Watermarking (WM) is a critical mechanism for detecting and attributing AI-generated content. Current WM methods for Large Language Models (LLMs) are predominantly tailored for autoregressive (AR) models: They rely on tokens being generated sequentially, and embed stable signals within the generated sequence based on the previously sampled text. Diffusion Language Models (DLMs) generate text via non-sequential iterative denoising, which requires significant modification to use WM methods designed for AR models. Recent work proposed to watermark DLMs by inverting the process when needed, but suffers significant computational or memory overhead. We introduce Left-Right Diffusion Watermarking (LR-DWM), a scheme that biases the generated token based on both left and right neighbors, when they are available. LR-DWM incurs minimal runtime and memory overhead, remaining close to the non-watermarked baseline DLM while enabling reliable statistical detection under standard evaluation settings. Our results demonstrate that DLMs can be watermarked efficiently, achieving high detectability with negligible computational and memory overhead.
Paper Structure (29 sections, 4 equations, 4 figures, 2 tables, 1 algorithm)
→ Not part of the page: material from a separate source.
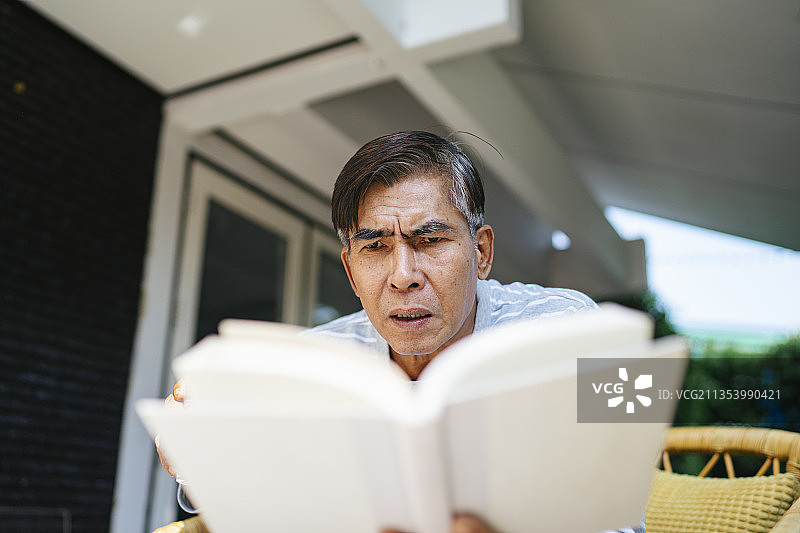 白发苍苍的老头读了这本书，情节却失败了。图片素材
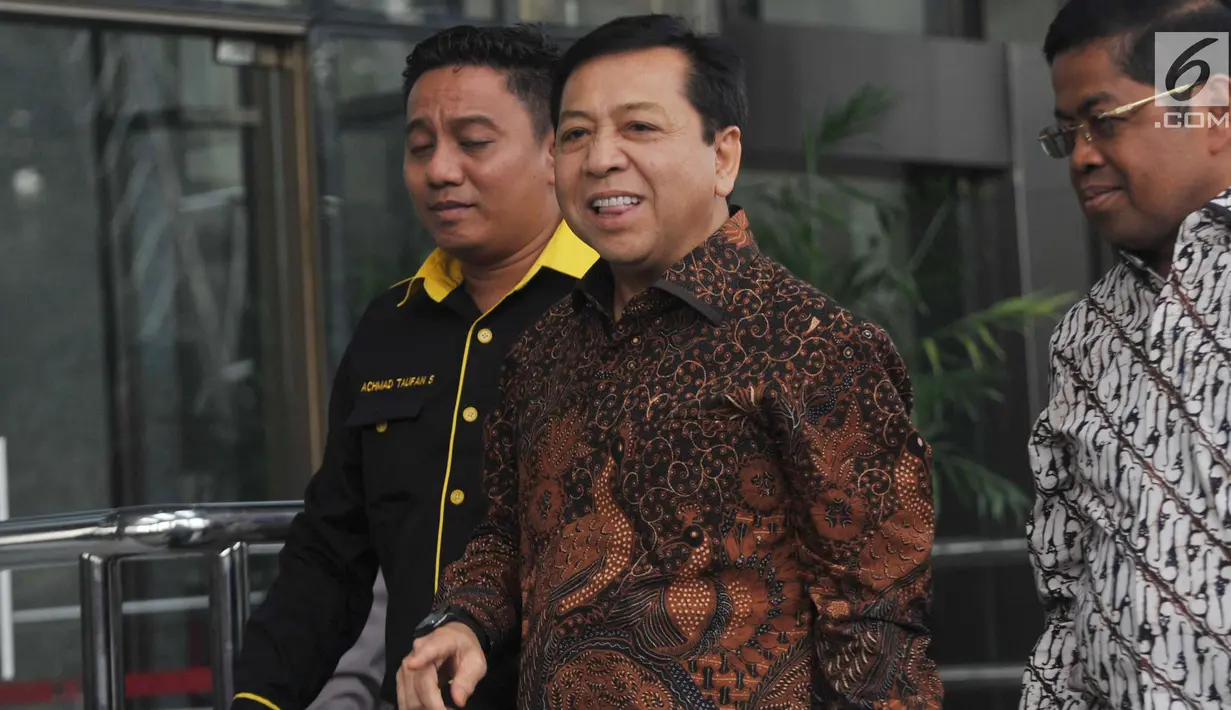 Ketua DPR Setya Novanto saat tiba di gedung KPK, Jakarta, Jumat (14/7). Setya Novanto diperiksa KPK sebagai saksi dalam kasus dugaan korupsi proyek pengadaan e-KTP  dengan tersangka Andi Agustinus alias Andi Narogong. (Liputan6.com/Helmi Afandi)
This paper contains 29 sections, 4 equations, 4 figures, 2 tables, 1 algorithm.

Figures (4)

  • Figure 1: Computational Efficiency. Peak GPU memory versus wall-clock generation time on a single NVIDIA H100. The non-watermarked baseline (green star) is shown for reference.
  • Figure 2: Schematic of LR-DWM. For a target token $y_i$, the model’s logits distribution is modified using bidirectional local context. If available, the left neighbor $y_{i-1}$ and the right neighbor $y_{i+1}$ independently induce green-token constraints via hash functions with distinct keys $k_L$ and $k_R$. Each constraint applies an additive bias $\delta$ to its corresponding green set. Boundary tokens fall back to a single-sided constraint when one neighbor is missing.
  • Figure 3: Quality-Detectability Trade-off. Detection rate at a FPR of 1% versus perplexity (PPL) across a range of bias strengths $\delta$. LR-DWM exhibits a competitive trade-off relative to DMARK and WM-DLM.
  • Figure 4: Quality-Detectability Trade-off on DREAM. Detection rate versus perplexity (PPL) on the DREAM model for LR-DWM and prior watermarking methods, evaluated under stochastic decoding with low temperature. Each point corresponds to a different watermark strength $\delta$. LR-DWM exhibits a sharp detectability transition at lower PPL values, closely matching the trend observed on LLaDA and indicating consistent generalization across diffusion-based language models.